EXERCISE GOAL:
Starting at the line that holds "LKW-Arbeitsbühne mit Teleskopausleger", restate every line word for word up to and including the last one in the listing below, and omit all pictures.

INFORMATION SHOWN:

# # # #

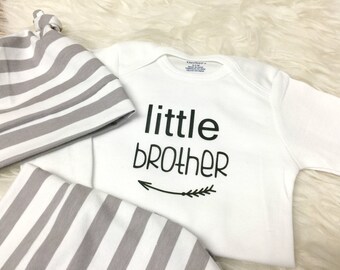 Newborn Boy Set Baby Boy Coming Home Outfit | Little Brother Coming Home Outfit | Baby Boy Going Home Outfit | Boy Coming Outfit Home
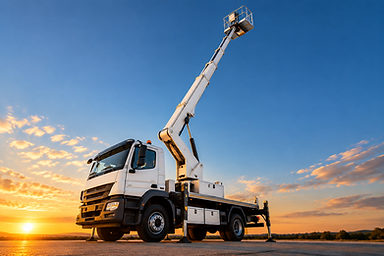 LKW-Arbeitsbühne mit Teleskopausleger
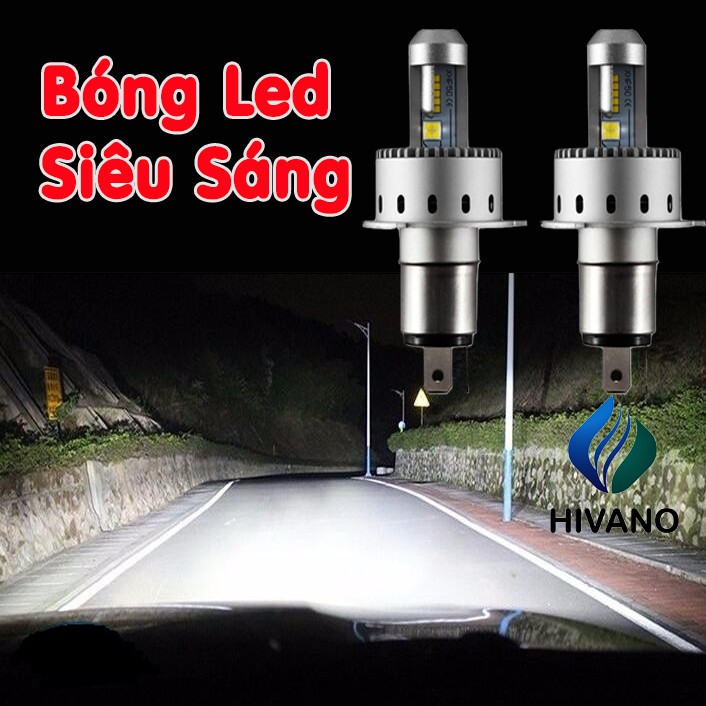 Bóng Đèn Led Pha Cos Gầm Ô Tô Siêu Sáng Dùng Chân H1 H4 H7 HB3-9005 HB4-9006 H11 Cao Cấp Cho Xe Hơi [ 2 Bóng]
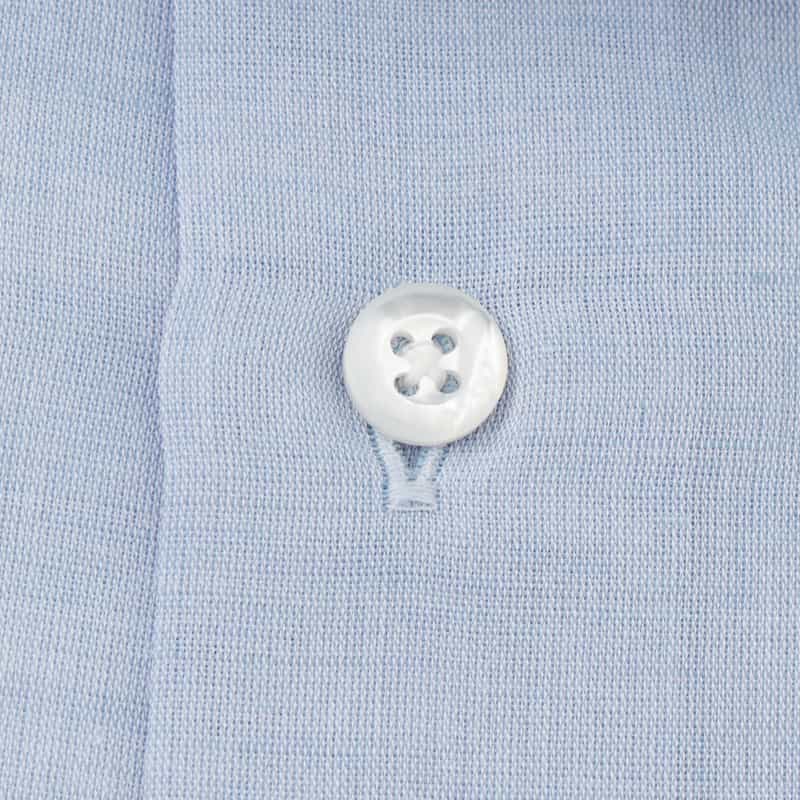 BARNEYS NEW YORK コットンリネン素材ドレスシャツ"MADISON" BLUE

# # # #

FINAL ANSWER:
 LKW-Arbeitsbühne mit Teleskopausleger
 Bóng Đèn Led Pha Cos Gầm Ô Tô Siêu Sáng Dùng Chân H1 H4 H7 HB3-9005 HB4-9006 H11 Cao Cấp Cho Xe Hơi [ 2 Bóng]
 BARNEYS NEW YORK コットンリネン素材ドレスシャツ"MADISON" BLUE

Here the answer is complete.